Il Raiden del presente si allea con Kotal Kahn, e mentre quest'ultimo segue Jade, Raiden va con Kung Lao e Liu Kang al QG delle Forze Speciali, dove i presenti scoprono che nei sotterranei dell'Accademia Wu Shi, dove risiedono i monaci shaolin, vi è immagazzinata una fontana di energia Jinsei, la forza vitale della Terra. I due monaci vi investigano, in quanto scoprono che l'accademia viene invasa da un individuo misterioso, che si rivela essere Geras, subordinato di Kronika, che li sconfigge e se ne va con le fiale del Jinsei. Kuai Liang (Sub-Zero) e Hanzo Hasashi (lo Scorpion del presente) vengono invece mandati in una fabbrica del Cyber Lin Kuei gestita da Sektor. Con l'aiuto di Cyrax, i due spengono la fabbrica, ma la loro vittoria è temporanea, in quanto Geras riavvia Sektor che ricostruisce l'esercito cibernetico. A unirsi all'alleanza di Kronika arrivano anche Erron Black, il Kano del passato e quello del presente.

Quanto a Raiden, egli consulta gli Dei Anziani, tra i quali solo Cetrion, figlia di Kronika, gli consiglia di trovarla, in quanto è il modo migliore, se non l'unico, per sconfiggerla. Intanto, mentre Kronika riesce ad attirare dalla sua parte anche il Jax del presente, Kotal Kahn e Jade si dirigono verso un accampamento dei Tarkata, in modo da farli passare dalla loro parte. Kotal Kahn, però, si fa sopraffare dall'odio verso i Tarkata in quanto essi lo tradirono in passato. Jade è quindi costretta a fermarlo con la forza, ma i due vengono catturati da Shao Kahn, giunto sul posto.

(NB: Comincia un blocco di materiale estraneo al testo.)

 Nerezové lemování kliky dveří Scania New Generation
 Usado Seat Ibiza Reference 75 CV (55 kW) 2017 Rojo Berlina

Frattanto, la base delle Forze Speciali viene attaccata dal Dragone Nero e dal Cyber Lin Kuei, e nonostante i tentativi del Johnny del presente e di Cassie di fermarli, le versioni del passato di Johnny e Sonya vengono portate via da Kano, e la base delle Forze Speciali viene completamente distrutta dall'autodistruzione di Sektor, non prima che Raiden porti in salvo tutti i suoi alleati. Cassie è dunque costretta a guidare un team d'assalto per salvare i suoi genitori, che si trovano in un Fight Klub gestito da Kano. Sonya riesce ad evadere grazie all'intervento della figlia, e sebbene il Johnny Cage del passato rischi più volte di venire ucciso, Sonya lo salva, e uccide il Kano del passato cancellando così dall'esistenza quello del presente.

Nel frattempo, Kitana, Liu Kang e Kung Lao riescono a portare gli Shokan (guidati dalla principessa Sheeva) e i Tarkata (non senza difficoltà) dalla loro parte, e, con il loro aiuto, Kitana guida un attacco contro Shao Kahn, uccidendo quest'ultimo e salvando Kotal Kahn, il quale, indebolito dalle ferite, cede il trono a Kitana. Raiden invia invece Jax del passato e Jacqui a recuperare la corona delle anime dall'isola di Shang Tsung, ora in rovina, ma vengono ostacolati dal Jax del presente, ora al servizio di Kronika, e da Cetrion, che li costringe a cedergli la corona delle anime.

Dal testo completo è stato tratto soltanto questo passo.